On April 25th 2009, Hines Ward signed a four-year contract extension ensuring that he will retire in a Pittsburgh Steelers uniform. Steelers’ fans would not have it any other way, Hines Ward has become one of the most beloved athletes in the city of Pittsburgh. Since being drafted in 1998 by the Steelers, Ward has become known for his clutch catches, his devastating blocks, and his trademark smile. Playing an entire career with the same team is extremely rare in today’s NFL, but Hines Ward is a rare type of person, the type that the NFL could use more of.

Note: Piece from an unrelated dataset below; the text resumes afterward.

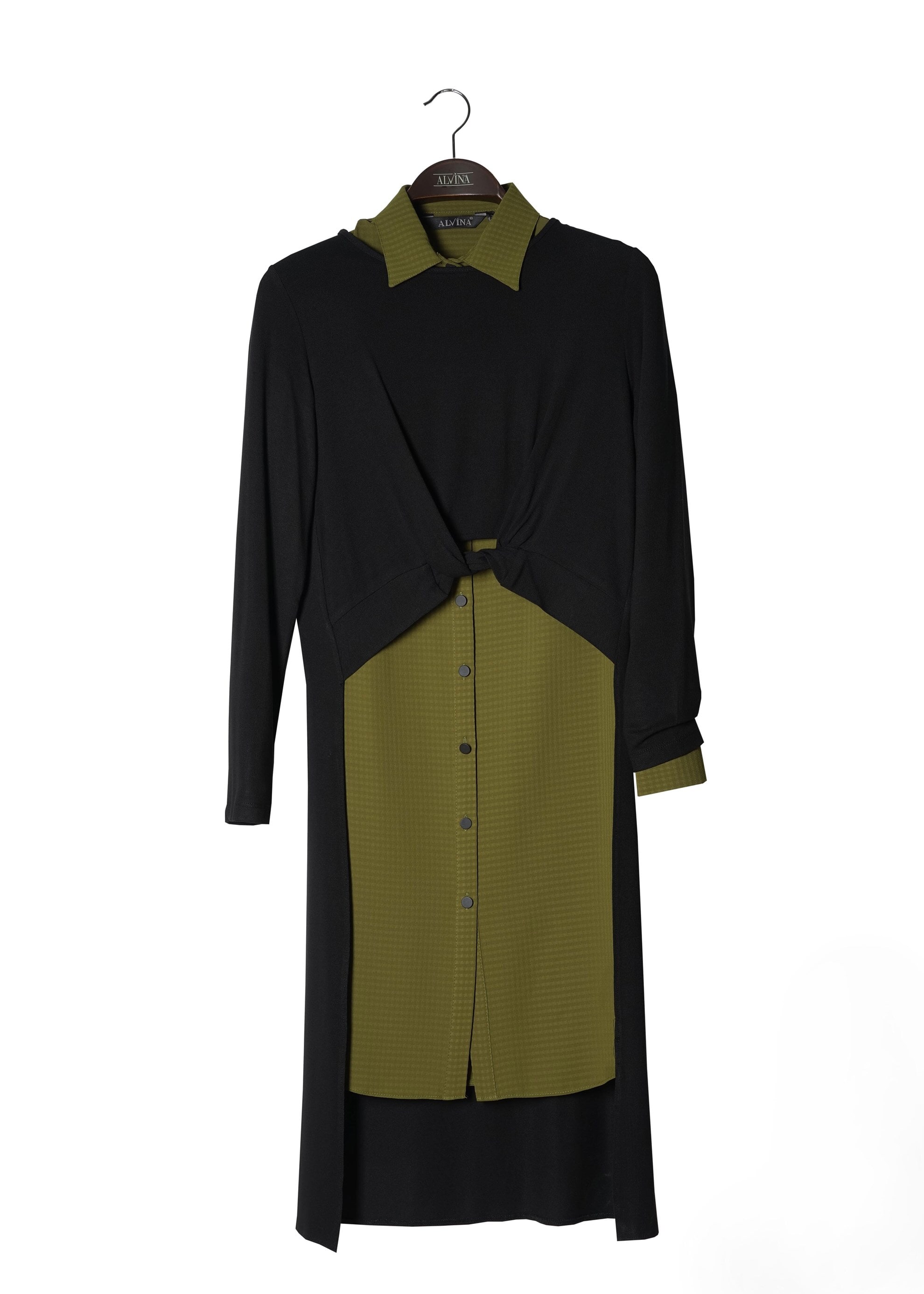 Tesettür giyim YEŞİL PARÇA DETAYLI 2&prime;li TUNİK 4730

Hines Ward may be a wide receiver, but some may know him best for his ability to hit. Over the years, one aspect of Ward’s game that has been highly criticized, is his blindside blocks on defensive players. While some consider Ward’s tactics dirty, others applaud him for having the courage to take on players twice his size. During the 2008 season, in a Week 7 game against the Cincinnati Bengals, Ward put a hit on Bengals’ linebacker, Keith Rivers, which ended the linebacker’s season. It was this particular hit, which influenced the NFL to put a new rule in place. Commonly referred to as “The Hines Ward Rule”, starting in the 2009 season, a blindside block will be illegal if the blocker uses his shoulder, forearm, or helmet and hits the head or neck area of the defender.

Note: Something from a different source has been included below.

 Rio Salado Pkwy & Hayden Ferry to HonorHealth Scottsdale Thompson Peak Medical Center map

Think of wide receivers for the Pittsburgh Steelers and the first two names that come to mind for most people are John Stallworth and Lynn Swann, but check the Steelers’ record books and the first name shown is that of Hines Ward. Very quietly, Hines Ward has become the all-time leading receiver for the Pittsburgh Steelers, passing the legendary names of Stallworth and Swann. Ward is a four-time Pro Bowler, and has had five career 1,000 receiving seasons to go with his 72 career touchdowns. The shining moment of Ward’s career thus far was his stellar performance in Super Bowl XL against the Seattle Seahawks. Ward had five receptions, for 123 yards and a touchdown. His efforts helped the Steelers get a 21-10 victory and the MVP Award. Ward became the fifth wide receiver in Super Bowl history to be named MVP, and the other Steeler on that list is none other than Lynn Swann.
Over 9,000 receiving yards, two Super Bowls, and four Pro Bowls later, Hines Ward shows no signs of slowing down. Entering his thirteenth season, Ward is playing harder than ever. Only Ward knows when he will play his last game, but it is believed by many that he already earned his place in Canton, Ohio. When that day comes, fans can be sure to see a familiar sight, Hines Ward on the steps of the Hall of Fame smiling, like they have seen so many times before.